Un des si charmants garçons qui se baignaient au barrage hydroélectrique, près de la "plage". Trop gentil!!!


"Plage" de Sotuba


Dossier coup de cœur!! (mon dossier favori!)



  • Tous, tous, tous les employés et cadres du labo! On ne manque pas une occasion de me saluer et de me dire: "hé Coulibaly!" (c'est mon nom de famille malien). A qui la chance de me traiter le premier de Coulibaly, mangeur de haricots (taquinerie que l'on appelle le cousinage et qui prend beaucoup de place dans la tradition orale ici) ou de m'asticoter pour que je change de nom de famille..! Le moral n'a pas le choix de tenir le coup avec toutes ces attentions particulières! Et si jamais j'arrive au labo un peu de mauvaise humeur, ce n'est pas long que les échanges avec les autres me font oublier les petits tracas et démarre ma journée de façon plus gaie. Ce sont toutes des personnes merveilleuses à lesquelles je m'attache et qui rendront le départ pas mal plus difficile...



  • Les cartes tirées par Mélina à distance!: ces temps-ci, je m'ennuie de Mélina, colocataire CFCIste que j'ai eu pendant 2 semaines au début du stage à la concession.

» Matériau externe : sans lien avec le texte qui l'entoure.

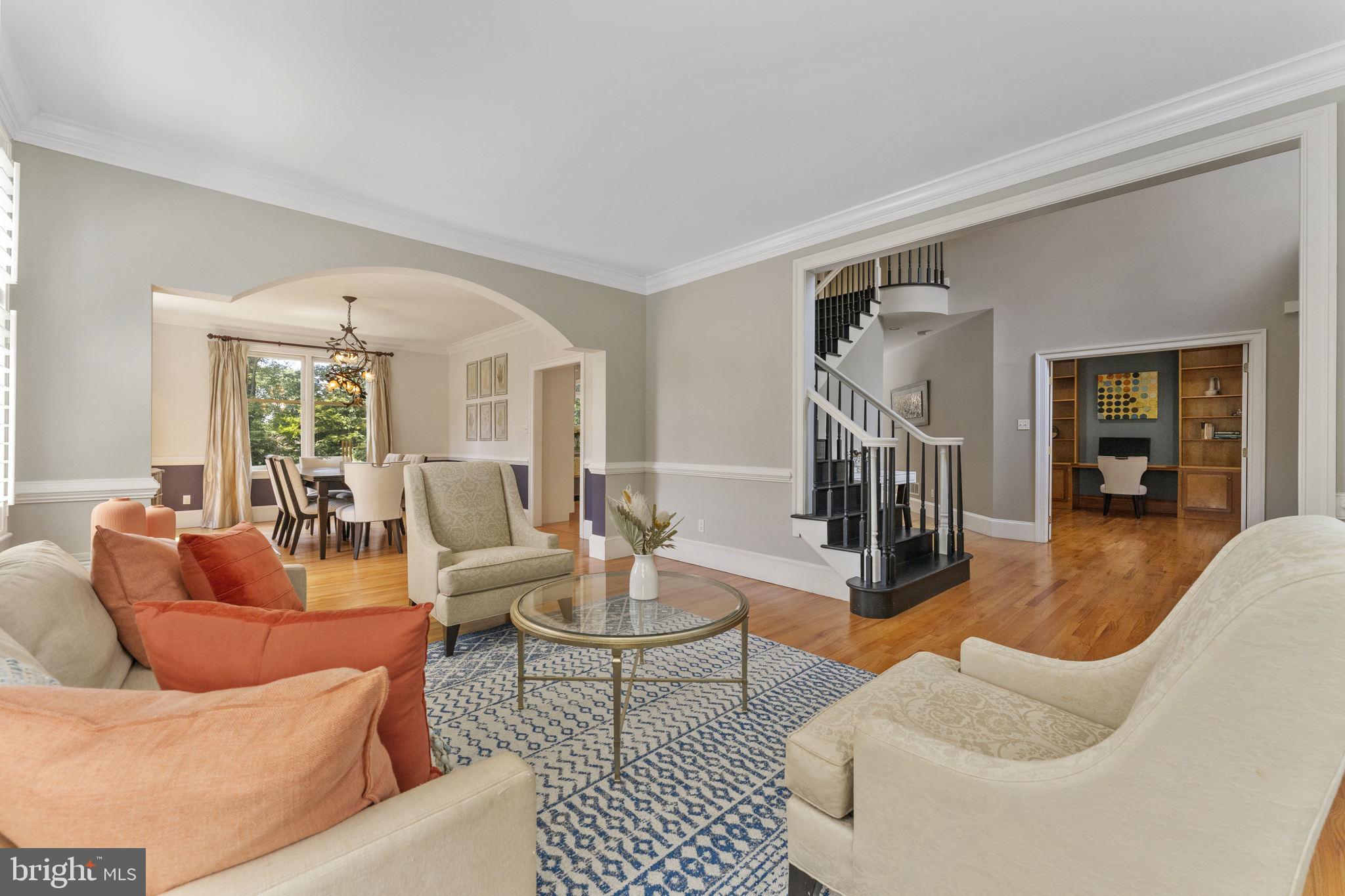 1122 King Of Prussia Road Wayne, PA 19087 - Photo 7 of 33 a living room with furniture and a potted plant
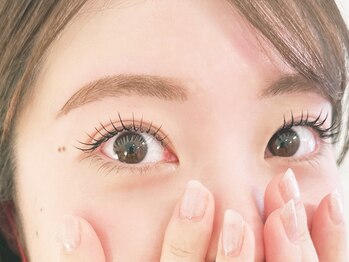 クラシック(CLASSIC)の写真/持続力の高いフラットラッシュやLEDエクステ/ブラウンカラーなど豊富なメニューで理想のデザインをご提案☆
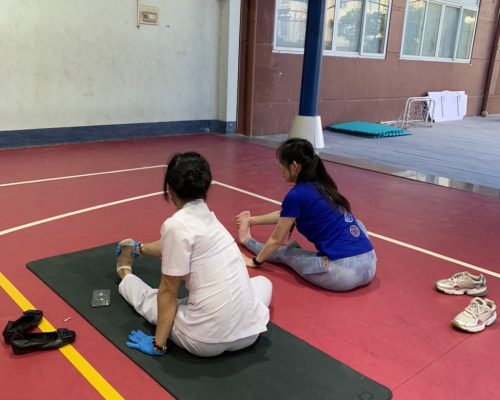 huấn luyện viên yoga trị liệu và y tế cộng đồng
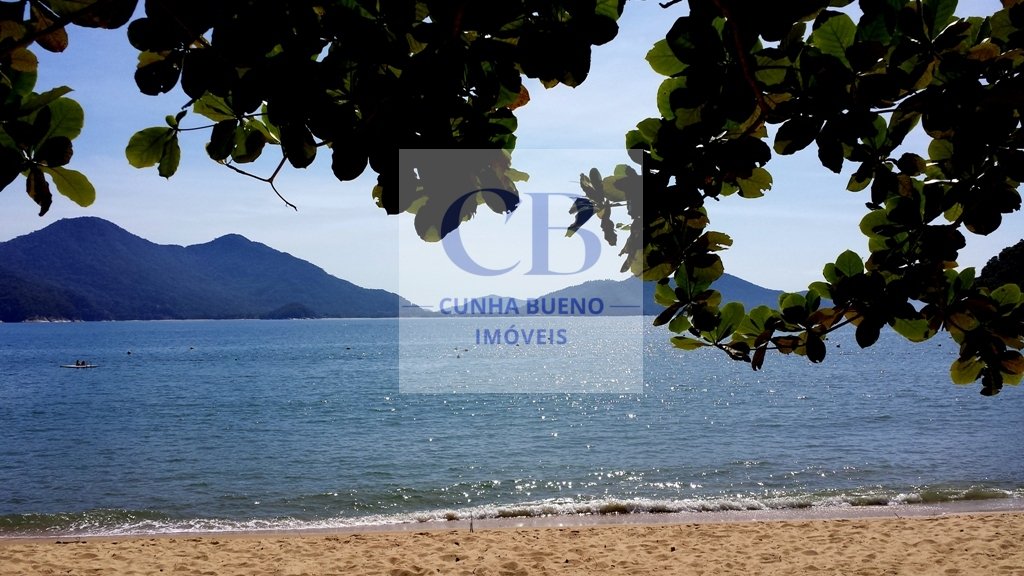 CASA À VENDA EM CONDOMÍNIO COBIÇADO DE UBATUBA CASA À VENDA EM CONDOMÍNIO COBIÇADO DE UBATUBA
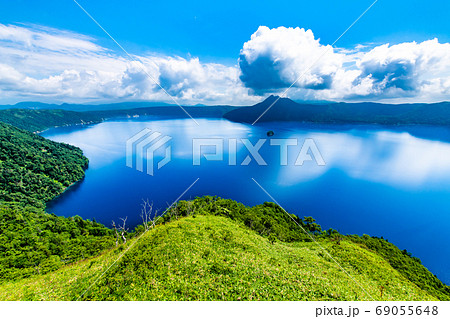北海道弟子屈町　摩周湖（第三展望台から望む摩周ブルーの湖面） 69055648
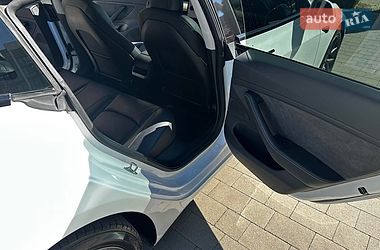 Седан Tesla Model 3 2021 в Ужгороді фото 10 Седан Tesla Model 3 2021 в Ужгороді
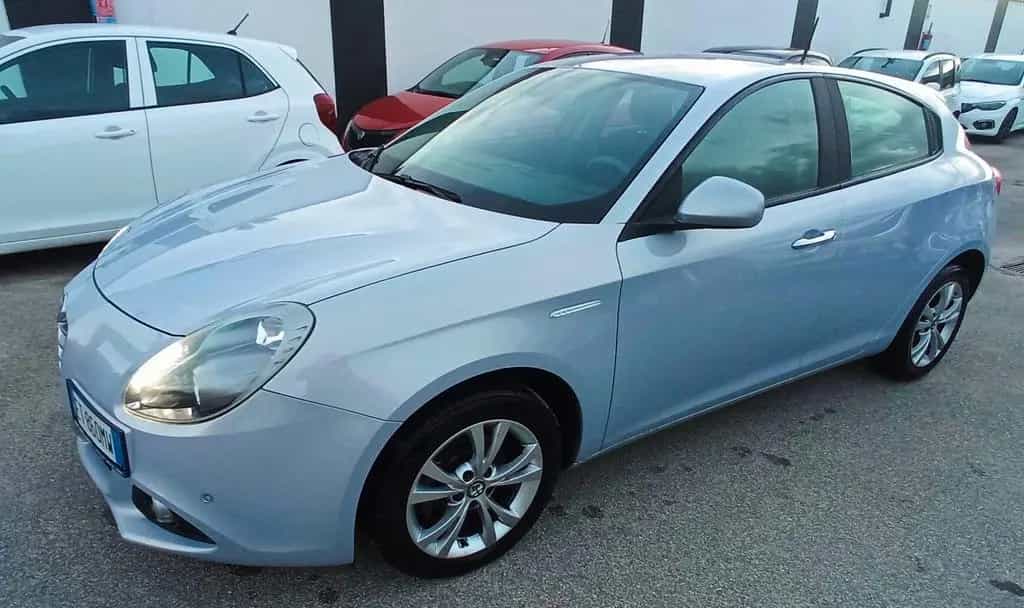 Alfa Romeo Giulietta MJT NAVI 01/2015-photo-0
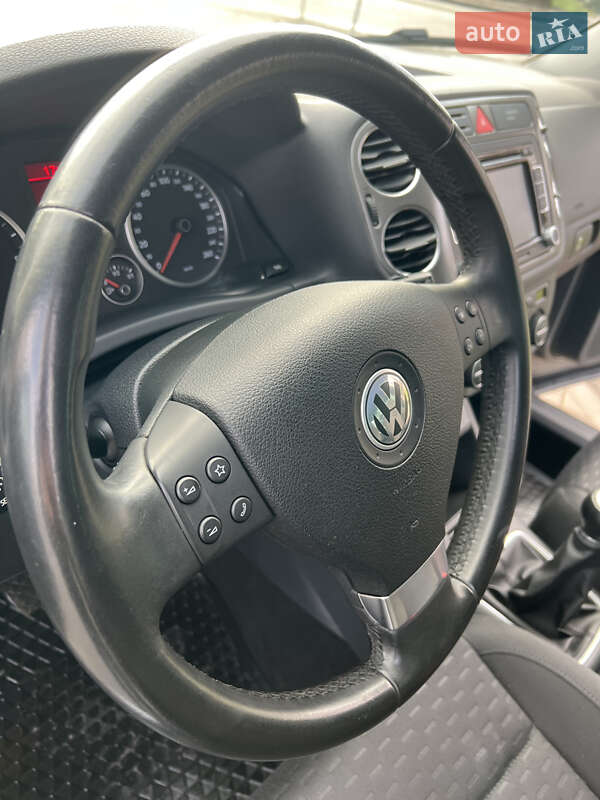 Внедорожник / Кроссовер Volkswagen Tiguan 2008 в Житомире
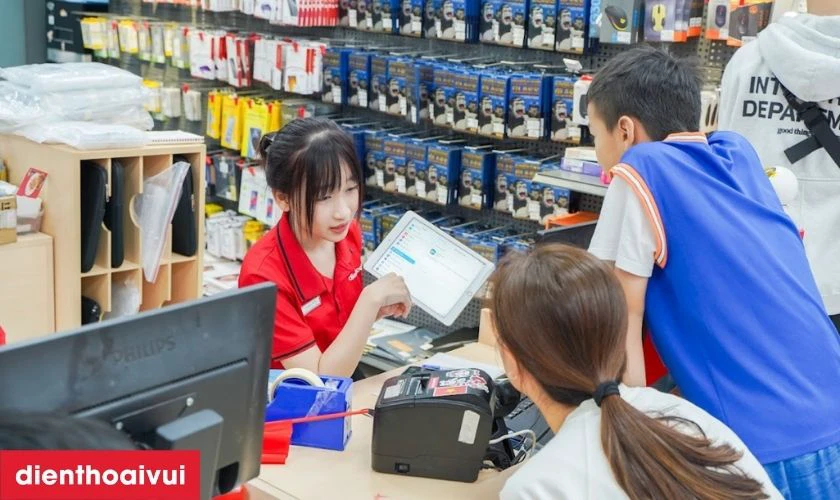 Địa chỉ thay vỏ máy Samsung Galaxy M35 ở đâu lấy liền, uy tín tại TPHCM, Hà Nội, Đồng Nai?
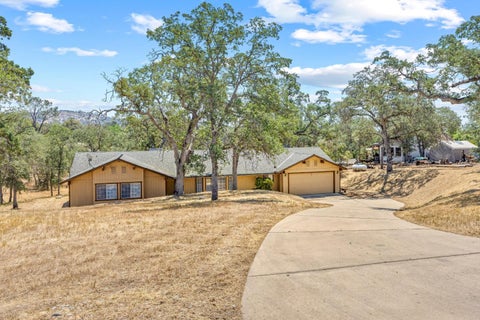 Tiny photo for 30159 Horseshoe Drive, Coarsegold, CA 93614 (MLS # ML82052431)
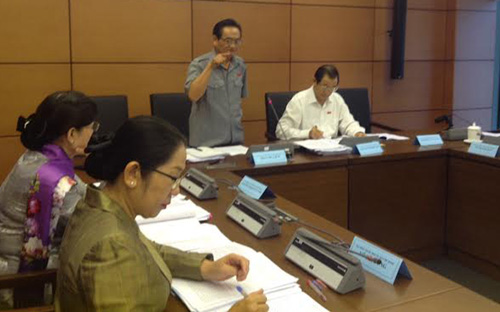 Đại biểu Trần Du Lịch phát biểu tại tổ, sáng 22/10.<br>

Elle est partie à travers le Burkina et le Mali dans le cadre de son stage, en mission... Elle revient dans quelques semaines et je suis impatiente de la revoir chez nous! Et elle m'a tiré des cartes à distance!



  • Blogs de Chantale, de Méli, de Cath, de Rox....!!



  • Découverte de la crème (la vraie!) à 100F avec Mohamed et le partage de cette découverte avec les autres toubabou! Mais, c'est tellement trop bon, j'ai en abusé un peu...



  • Le + gros des coups de coeur: Toutes les lettres SOS reçues avant mon départ!! Ce sont des gâteries sans prix, qui me réchauffent, me réconortent, me font rire, me rendent aussi nostalgique me plongent le temps d'une page ou 2 dans une réalité, qui est mienne, mais hors contexte... Ouf, j'adore ça! Merci, vous contribuez, à votre manière à la réussite de ce voyage, je sais que je ne suis pas seule, que vous existez encore! Vous êtes présents, au-travers mon coeur, mon esprit et vous m'accompagner, malgré vous dans mon périple! Elles sont toutes des coups de coeur!! Et comme je ris à certaines... Je pense vite comme ça à celle d'édith!! Du bonheur en lettre pour chacune d'elles!